Mar Lodge Estate is home to an astonishing mosaic of Scottish landscape, from heather-covered moorland, Caledonian pine forest, some 15 munros and the Quoich wetlands.
Golden and sea eagles can be seen soaring above the peaks, while waders are often heard echoing up the glen.
This year marks 30 years since the estate came under the ownership of National Trust for Scotland (NTS), following a then-anonymous £4.5 million donation from Ann Marie Salvesen of the Christian Salvesen shipping and distribution dynasty.
Since 1995, the landscape has undergone significant changes, with ownership shifting conservation efforts for a sporting estate to conservation work for trees and forested areas by reducing deer numbers.
Shaila Rao, who has worked as the estate’s ecologist for the last two decades, tells The Scotsman how and why some of the landscape has changed under NTS.
What’s been the biggest change at Mar Lodge under NTS ownership?
“The main driver of change has been reduced deer numbers and it has influenced a few things.
“It’s influenced natural regeneration. Previously deer were suppressing any growth of young trees, but also browsing some back.
“We have also started to see other vegetation flourish, like tall herb communities. The taller flowering plants that had become confined to higher altitude ledges because that’s the only place they could survive in the past we’re now seeing them grow in other places.

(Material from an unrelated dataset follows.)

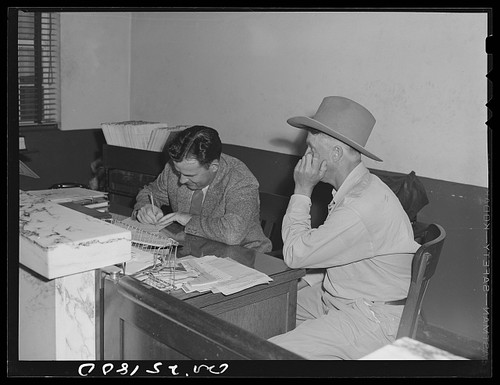 Photo 1930s 1940s - men, at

“The place has really come to life. Because there’s lower grazing pressure, you get other things like improved small mammal population numbers which some of the raptors benefit from as well.”

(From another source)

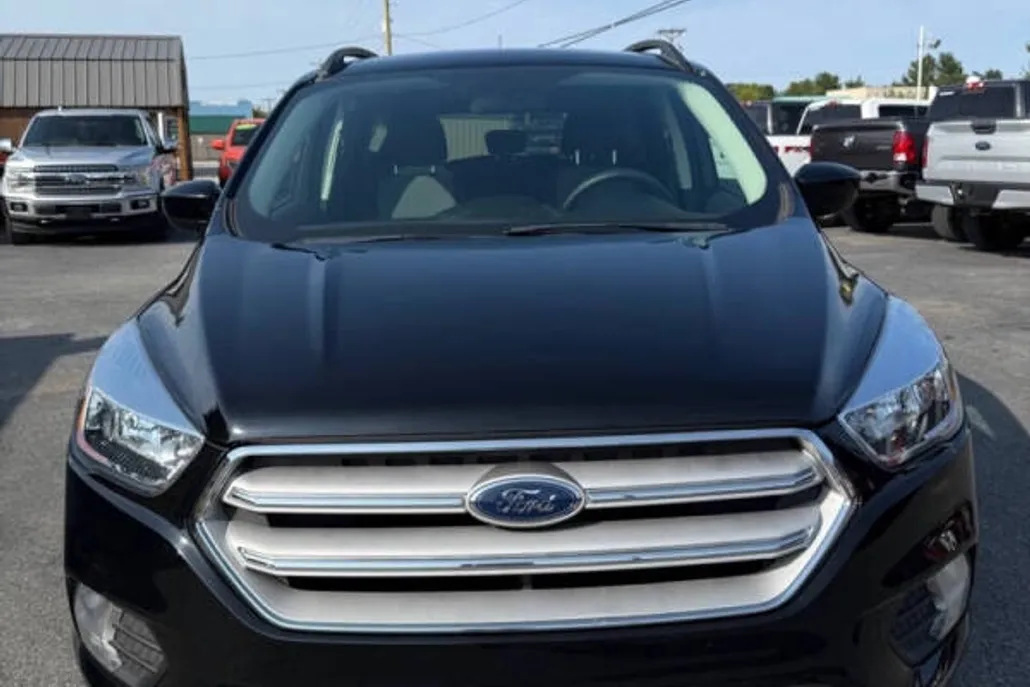 2018 Ford Escape SE photo 1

What have the challenges been?
“When we embarked on a deer reduction plan, that was quite controversial in this part of the world - particularly the north east with many big sporting estates. So there was quite a lot of opposition from neighbours and the local community.

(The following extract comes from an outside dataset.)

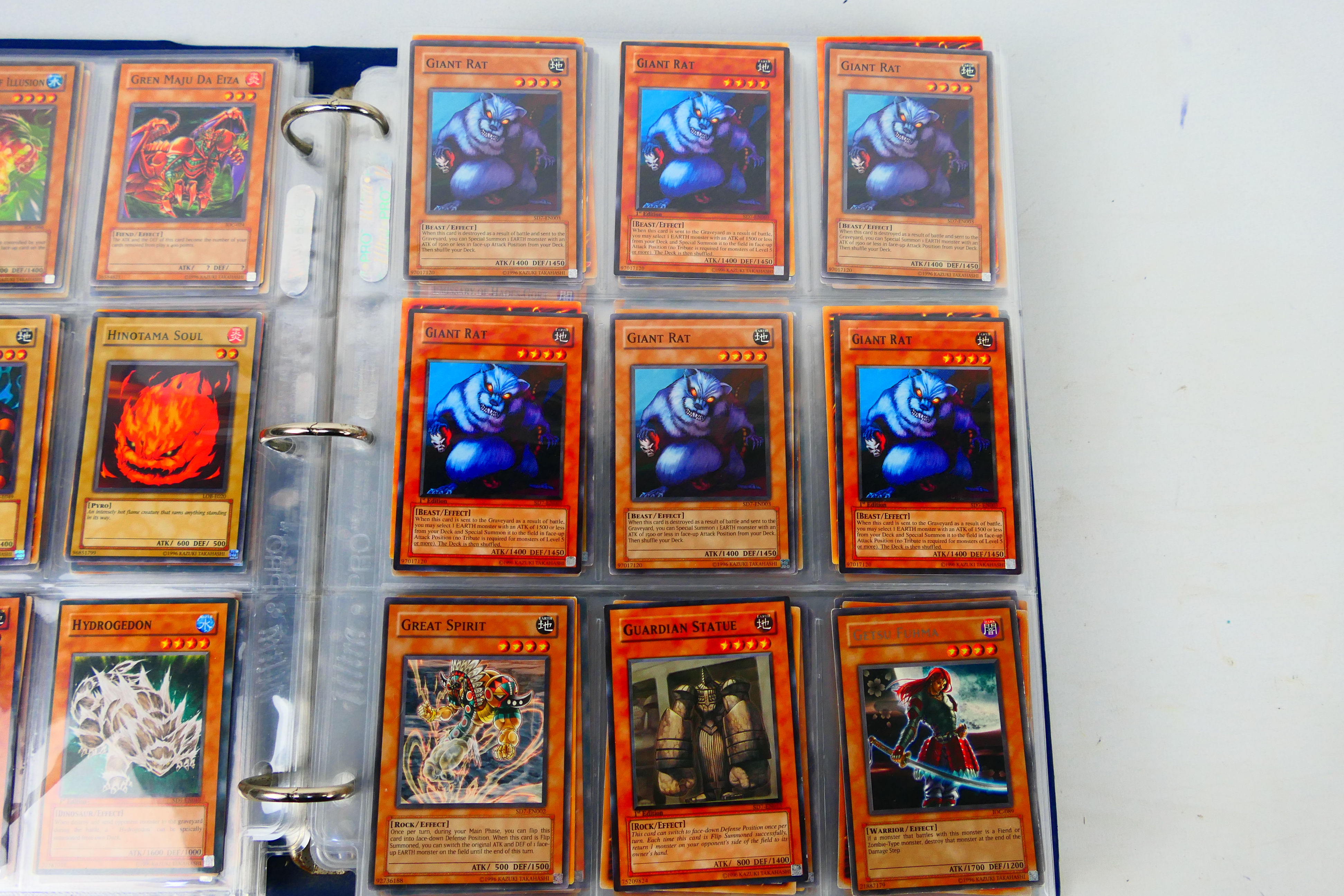 Konami - Yu-Gi-Ho - A large collection of over 600 loose Yu-Gi-Ho trading cards. - Image 6 of 13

“There were a lot of things for NTS to contend with with regards to opposition to what we were doing. It became quite a difficult environment to work in so changes were slower than they could have happened. Other places since, for example Glen Feshie [owned by Danish billionaire Anders Polvsen], managed to achieve the reduction much faster and they achieved a response much quicker. For NTS, however, it was a slower burn for various reasons. But when we hit the mark, the changes started to come.
“This type of land management was in its infancy at the time, so it was a bit of an unknown as to how successful it was going to be and how difficult it was going to be to reduce deer numbers.
“Once we got the deer population right down, there’s a three to four year lag before you start to see the trees coming. So that’s why it’s probably about 2010 when we started to see things start to change.”
What are the aims of the estate?
“There were a set of management principles agreed at the time of acquisition after Ann Marie Salveson left the money for the Trust to buy the lodge through the Easter Charitable Trust. The key ones were that Mar Lodge was managed for conservation, open to public access and that it continued to run as a Highland sporting estate.
“On one part of it, about a third, we’ve completely reduced the deer population to help the trees. We do peatland restoration and woodland creation which is fenced and slightly different to natural regeneration.
“There’s no sport that happens there and the woodland is encouraging natural processes and ecological restoration.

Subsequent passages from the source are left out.